[Material for this exercise — start]

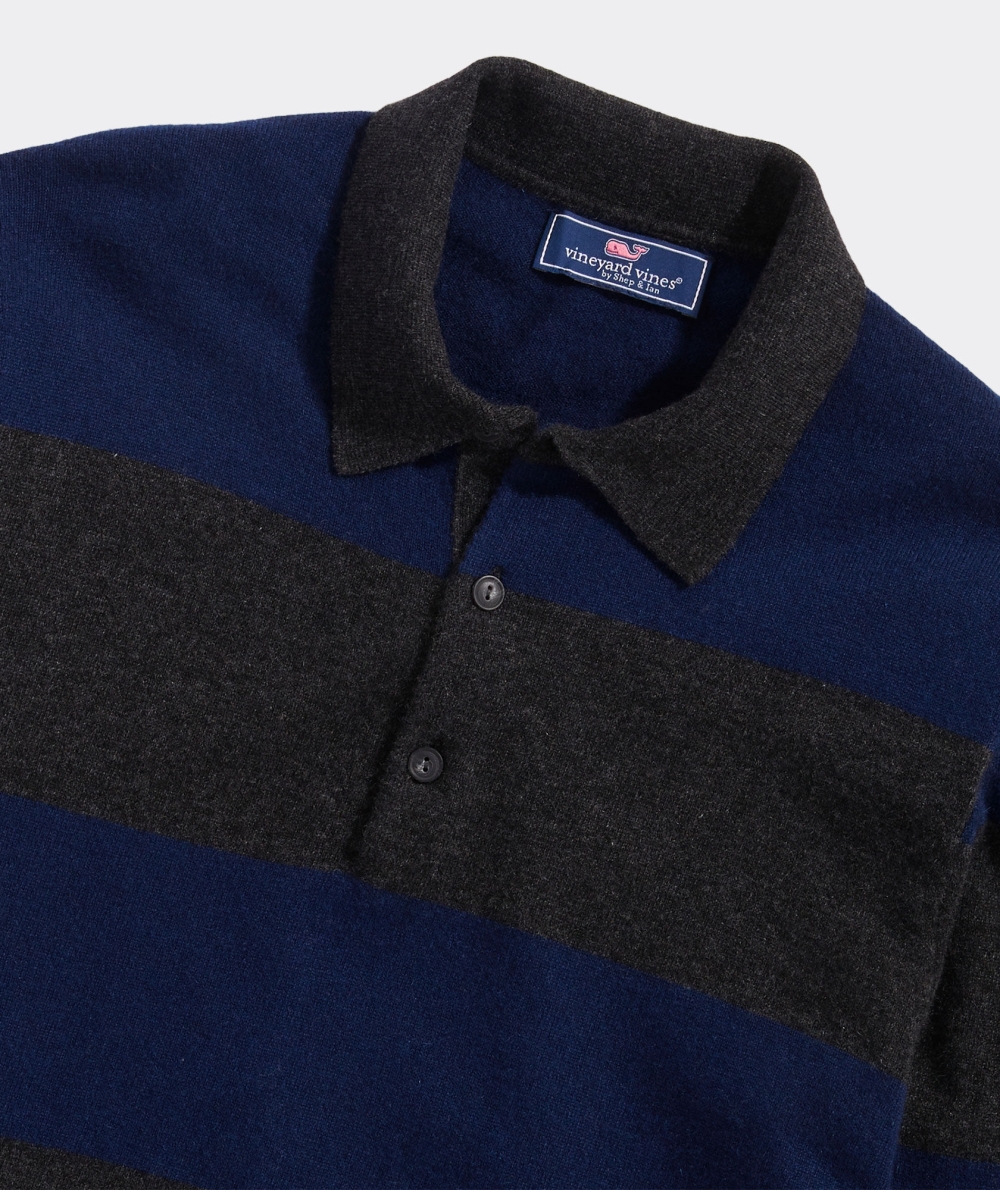 Tops Vineyard Vines Cashmere Rugby Stripe Shirt Azules | 479631IQZ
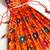 Girls orange floral woven lehenga choli set with tie-up top & flowy skirt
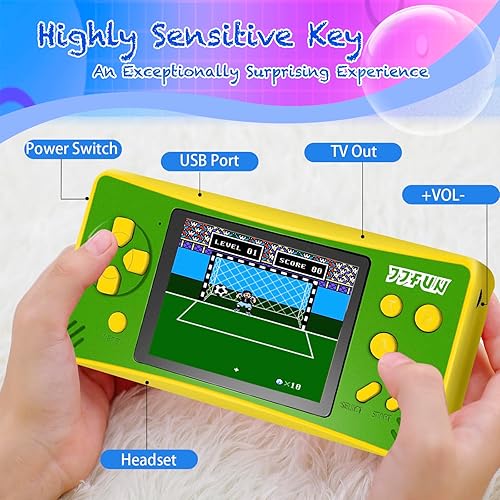 Miniatura 3 de Juegos de mano retro para niños, reproductor portátil de pantalla grande de 3.2 pulgadas, precargado, 168 videojuegos clásicos, recargable, salida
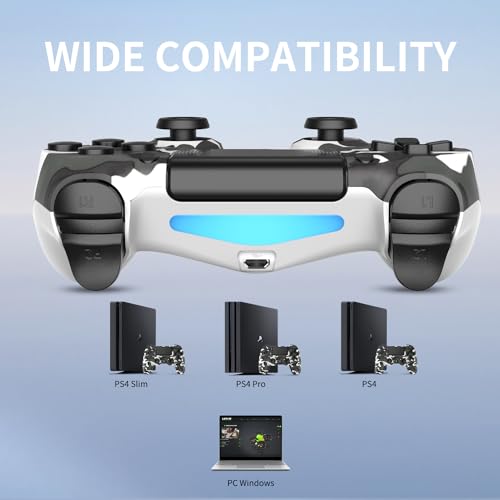 YsoKK 2 Pack Wireless Controller for Ps4/Slim/Pro with 1000mah Battery/Dual Vibration/Audio Jack/Six-axis Motion Sensor(Camouflage Grey and Camouflage Green) - Thumbnail 2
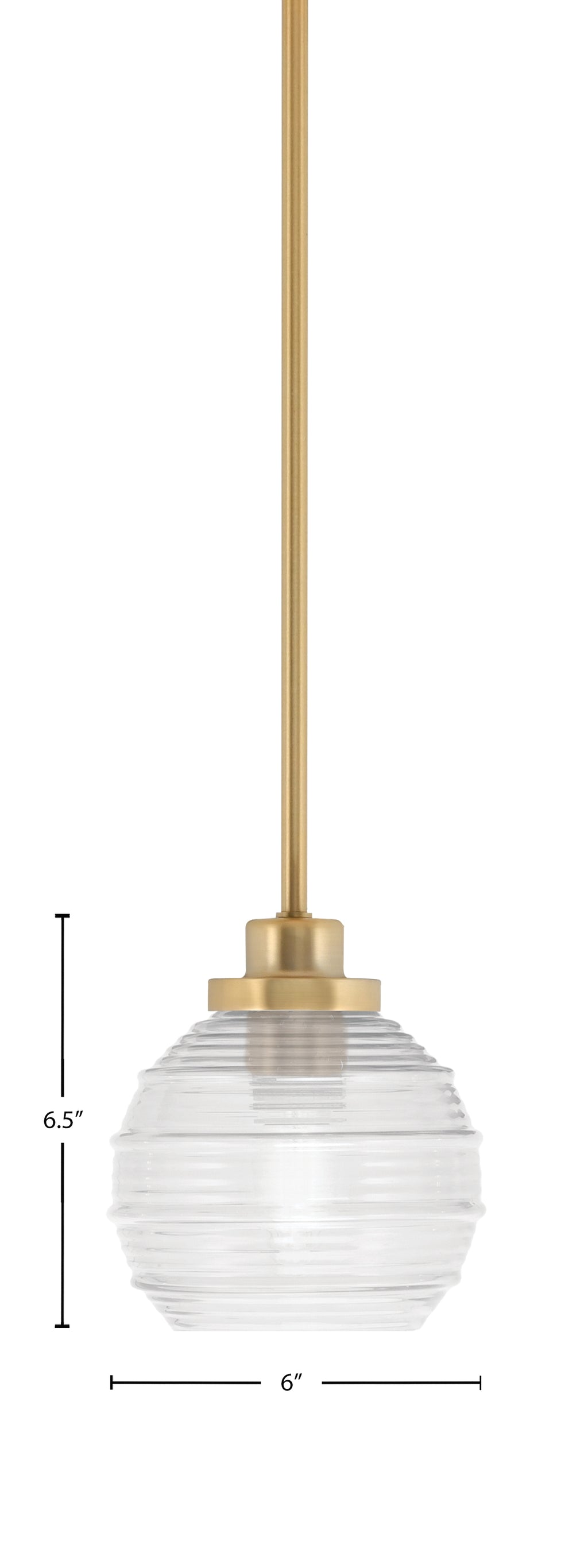 Odyssey One Light Mini Pendant in New Age Brass with 6" Clear Ribbed Shade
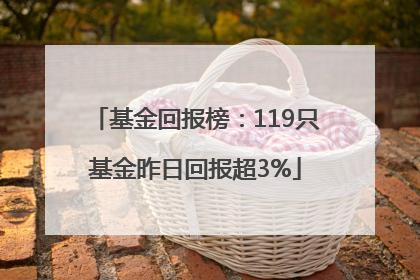 基金回报榜：119只基金昨日回报超3%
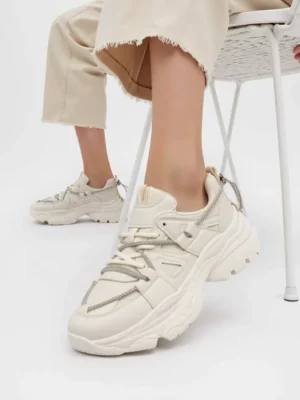 Sneakersy damskie na platformie LANCASIS BEIGE
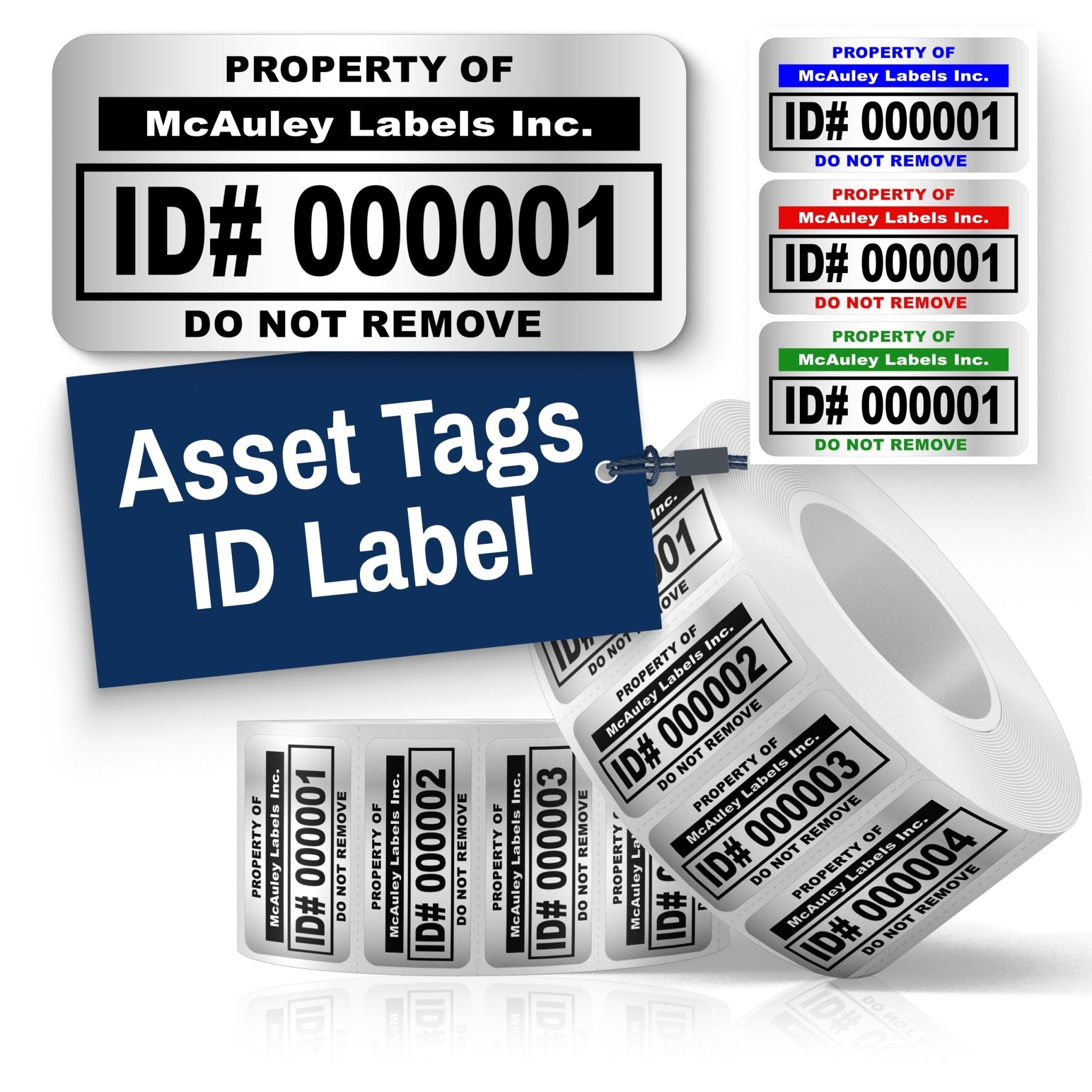 Custom Asset Tags for Equipment, Metallized Silver, ID Label - Asset Tag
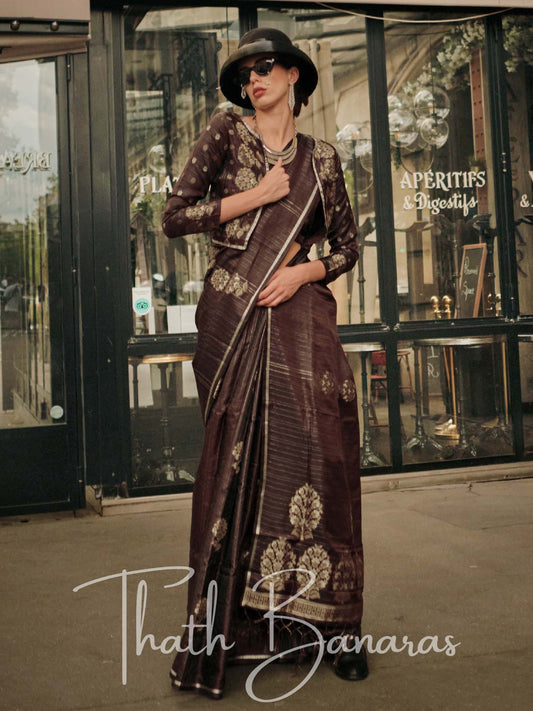 Walnut Brown Satin Zari Lining Handloom Weaving Saree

[Material for this exercise — finish]

What the task asks: Transcribe, without alteration, each line from the one with "Miniatura 3 de" through the last line of the data; no pictures belong in the copy.

Response to this exercise:
 Miniatura 3 de Juegos de mano retro para niños, reproductor portátil de pantalla grande de 3.2 pulgadas, precargado, 168 videojuegos clásicos, recargable, salida
 YsoKK 2 Pack Wireless Controller for Ps4/Slim/Pro with 1000mah Battery/Dual Vibration/Audio Jack/Six-axis Motion Sensor(Camouflage Grey and Camouflage Green) - Thumbnail 2
 Odyssey One Light Mini Pendant in New Age Brass with 6" Clear Ribbed Shade
 基金回报榜：119只基金昨日回报超3%
 Sneakersy damskie na platformie LANCASIS BEIGE
 Custom Asset Tags for Equipment, Metallized Silver, ID Label - Asset Tag
 Walnut Brown Satin Zari Lining Handloom Weaving Saree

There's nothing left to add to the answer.